Saturday, September 24, 2016

The Beatles: Eight Days a Week (Brockway)

 Tropic Sprockets by Ian Brockway

The Beatles: Eight Days a Week

The Beatles, the supergroup consisting of John, Paul, George and Ringo, are a pop culture frequency and a digital music commodity, now marketed by iTunes. Their influence and vocabulary are ubiquitous and all encompassing, perhaps motivating Steve Jobs who named his computer company Apple, the same as The Beatles' recording entity. As fate would have it, the name as well as Steve Jobs's handling of The Beatle catalogue has led to numerous past lawsuits.

In 1964, however, The Beatles were just four young kids on tour. A new documentary by Ron Howard "The Beatles : Eight Days a Week", gives you a front row seat. It was a slower time with the iPhone decades away. Life was in black-and-white.  The Beatles came from Liverpool: art school students only wanting to play.

They wore leather jackets. One meeting from manager Brian Epstein changed everything. Epstein bought the boys dark suits and cut their hair in the shape of moppy bowls. The four became mirror images, doubled by two: Mod mannequins, ready to lead the young into a glib and spontaneous future.

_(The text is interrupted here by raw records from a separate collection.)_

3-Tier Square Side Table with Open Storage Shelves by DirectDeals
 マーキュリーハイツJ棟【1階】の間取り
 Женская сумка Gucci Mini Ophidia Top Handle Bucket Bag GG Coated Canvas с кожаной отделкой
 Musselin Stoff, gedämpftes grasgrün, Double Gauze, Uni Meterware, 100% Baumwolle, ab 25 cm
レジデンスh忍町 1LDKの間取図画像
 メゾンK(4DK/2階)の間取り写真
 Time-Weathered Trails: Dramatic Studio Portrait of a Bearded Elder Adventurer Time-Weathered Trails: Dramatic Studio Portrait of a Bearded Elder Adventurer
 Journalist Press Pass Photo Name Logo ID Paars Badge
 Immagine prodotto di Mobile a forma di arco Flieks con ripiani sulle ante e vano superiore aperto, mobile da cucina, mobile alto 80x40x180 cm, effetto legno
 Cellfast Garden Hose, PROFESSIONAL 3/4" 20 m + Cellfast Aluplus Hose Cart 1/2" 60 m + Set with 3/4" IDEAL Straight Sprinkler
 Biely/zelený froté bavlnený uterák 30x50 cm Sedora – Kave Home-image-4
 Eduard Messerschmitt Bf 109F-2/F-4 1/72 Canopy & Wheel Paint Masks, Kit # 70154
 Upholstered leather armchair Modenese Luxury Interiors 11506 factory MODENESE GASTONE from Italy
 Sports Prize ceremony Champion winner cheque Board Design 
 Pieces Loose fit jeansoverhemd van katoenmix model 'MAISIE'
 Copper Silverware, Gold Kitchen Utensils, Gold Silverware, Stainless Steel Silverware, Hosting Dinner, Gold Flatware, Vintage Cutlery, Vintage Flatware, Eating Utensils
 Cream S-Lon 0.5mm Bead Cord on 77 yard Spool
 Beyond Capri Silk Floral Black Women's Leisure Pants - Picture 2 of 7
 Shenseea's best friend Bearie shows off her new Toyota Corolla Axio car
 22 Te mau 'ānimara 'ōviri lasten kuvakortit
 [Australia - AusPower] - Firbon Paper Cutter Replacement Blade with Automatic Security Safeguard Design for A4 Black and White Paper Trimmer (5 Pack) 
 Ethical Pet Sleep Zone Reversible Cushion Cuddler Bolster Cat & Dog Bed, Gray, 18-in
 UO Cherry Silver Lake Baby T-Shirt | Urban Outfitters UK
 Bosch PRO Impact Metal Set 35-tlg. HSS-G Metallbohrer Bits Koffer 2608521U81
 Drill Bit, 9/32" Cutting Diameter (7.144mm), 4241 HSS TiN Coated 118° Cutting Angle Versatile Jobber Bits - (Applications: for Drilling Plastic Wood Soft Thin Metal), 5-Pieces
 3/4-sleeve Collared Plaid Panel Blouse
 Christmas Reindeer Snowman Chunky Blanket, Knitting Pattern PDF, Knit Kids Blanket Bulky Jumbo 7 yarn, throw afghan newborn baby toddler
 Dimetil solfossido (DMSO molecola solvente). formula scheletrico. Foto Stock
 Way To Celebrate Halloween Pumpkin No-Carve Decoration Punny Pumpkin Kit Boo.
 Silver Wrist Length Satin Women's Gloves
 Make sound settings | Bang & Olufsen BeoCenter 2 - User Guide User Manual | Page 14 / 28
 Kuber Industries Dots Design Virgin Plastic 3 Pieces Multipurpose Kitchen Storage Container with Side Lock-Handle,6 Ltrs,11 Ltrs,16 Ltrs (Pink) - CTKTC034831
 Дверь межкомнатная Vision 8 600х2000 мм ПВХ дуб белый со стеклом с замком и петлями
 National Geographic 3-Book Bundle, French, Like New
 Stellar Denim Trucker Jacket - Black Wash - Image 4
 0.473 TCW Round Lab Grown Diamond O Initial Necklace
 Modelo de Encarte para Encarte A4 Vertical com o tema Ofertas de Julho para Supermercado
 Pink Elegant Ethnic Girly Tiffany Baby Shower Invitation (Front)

Here are John and Paul, ultra-pale and grainy with always something to say, snappy with a quip. Most striking in the film are the enormous crowds. Huge ribbons of teen girls break down and tear at their hair, either from ecstasy or shock. Some faint and collapse to the ground, prostrate and overcome. The Beatles as a sound became a religious experience. Instead of giving psalms, John  and Paul, acoustic apostles, gave pratfalls and smiles. The four of them Chaplinesque clowns who wobble and shake without any premeditation.

Whoopi Goldberg tells of The Fab Four showing her the courage to be uniquely herself. Sigourney Weaver confesses her love for Paul. In its last quarter, the film has a sinister tone with the tour clearly getting to John. The four become aware of segregation along with The Right wanting to smash and burn their records. John said religion was passe and that The Beatles were more popular than Jesus.

John, the naughty apostle, suddenly stumbles and apologizes. This moment along with the endless multitudes of girls who tremble and shake in supplication, are  arguably the best segments in the film.

Above all, what you see is The Beatles circa 1964. John with a small white guitar, Paul with a gray one, George struming while Ringo bangs away. The music is metallic, clanking like an old motor, rolling and loud.

Behold The Band, laughing and gigging, vibrant in the joy of play. There are only small dabs of darkness here, but the traces are present. John gets edgy and yells at reporters. The trap door of psychadelia is close behind.

For some two hours though, millenials and Beatle-lensed Baby-Boomers alike can rejoice in "Eight Days a Week," glimpsing the birth of John, Paul, George and Ringo, a fledgling four in monochromatic threads who grew to give us a new and colorful sound.

Such smiling percussion is bittersweet.